Our assigned insurance pool then determines which insurance plans we might qualify for and which physicians we can see. These insurance plans are further subdivided into hundreds of benefit plans, which could be unaffordable, inadequate or both.
We then recalculate everything with every change in employer, age, etc. That’s why we need Cover Oregon (or a federal website) to keep track of this massive paperwork.
It doesn’t have to be this way. And it isn’t this way for health care systems that successfully provide better care to more people for less money than we do in Oregon.
These successful health care systems (around the world and in our own country) possess one common characteristic — they assign everyone to just one insurance pool (human beings), with just one set of benefits (treatable conditions are treated), and with just one network (all licensed physicians).
No successful system spends money on websites like Cover Oregon in order to sort sick from healthy, poor from wealthy and employed from jobless. They spend money on health care.

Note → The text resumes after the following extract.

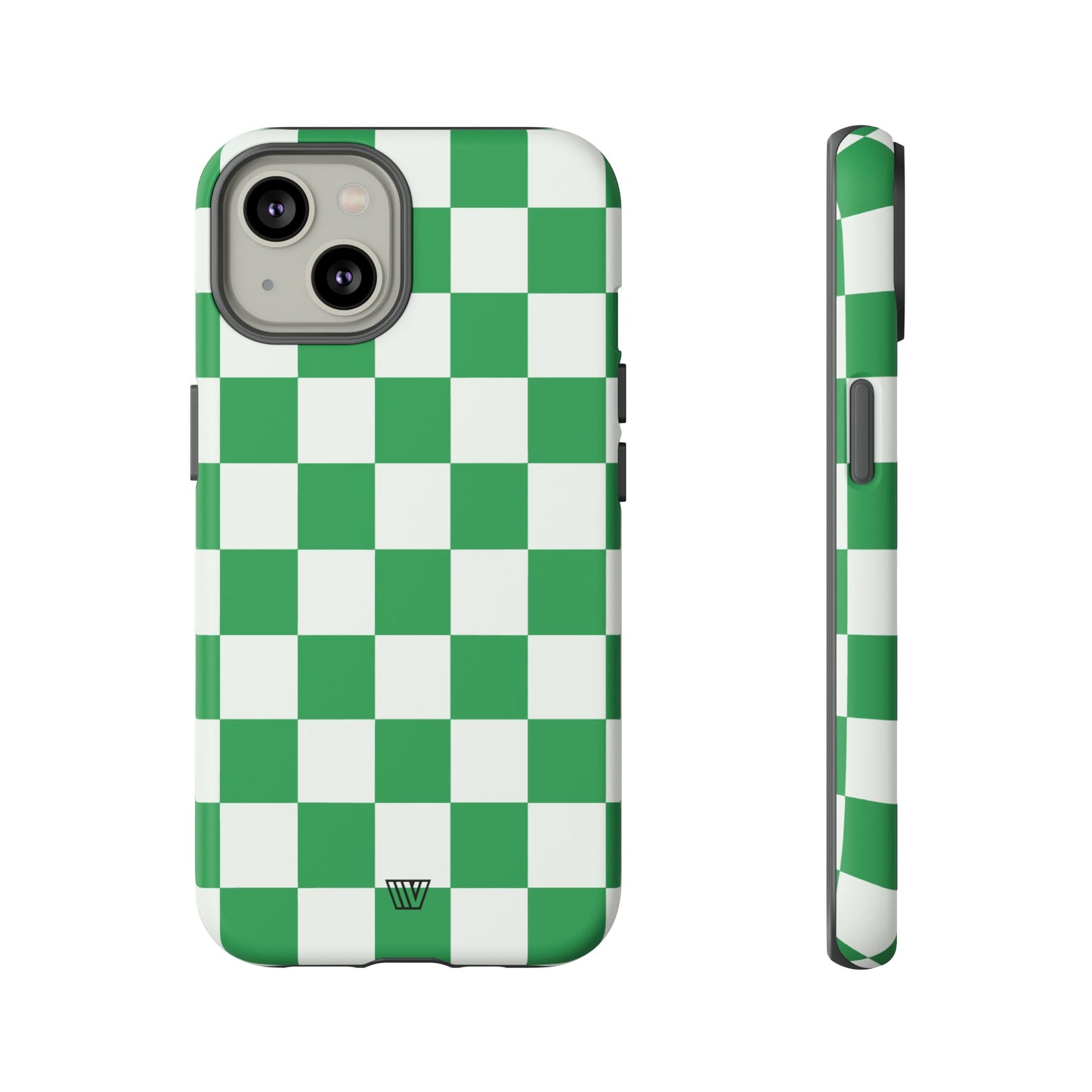 GREEN WHITE CHECKERBOARD | Tough Phone Case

Cover Oregon is necessary only if we want to restrict care and limit benefits. If we instead commit to comprehensive care for everyone, Oregon saves money. How much? The money we now spend on software development, website design, insurance administration, marketing, lobbying and provider overhead that deals with all this would be more than enough to provide every Oregonian with access to comprehensive care.
We know this because every health care system that provides universal comprehensive care also spends less money with better results than we do now.
What does the Cover Oregon debacle teach us? Restricted care costs more than universal care.
Oregon doesn’t need to spend more to provide better care to more people. We just need to spend our money on health care, not Cover Oregon.
Successful systems tell us how to achieve that: Universal care.
Samuel Metz is a Portland anesthesiologist and a member of Physicians for a National Health Program and Mad As Hell Doctors, organizations that advocate for universal health care in Oregon and nationally.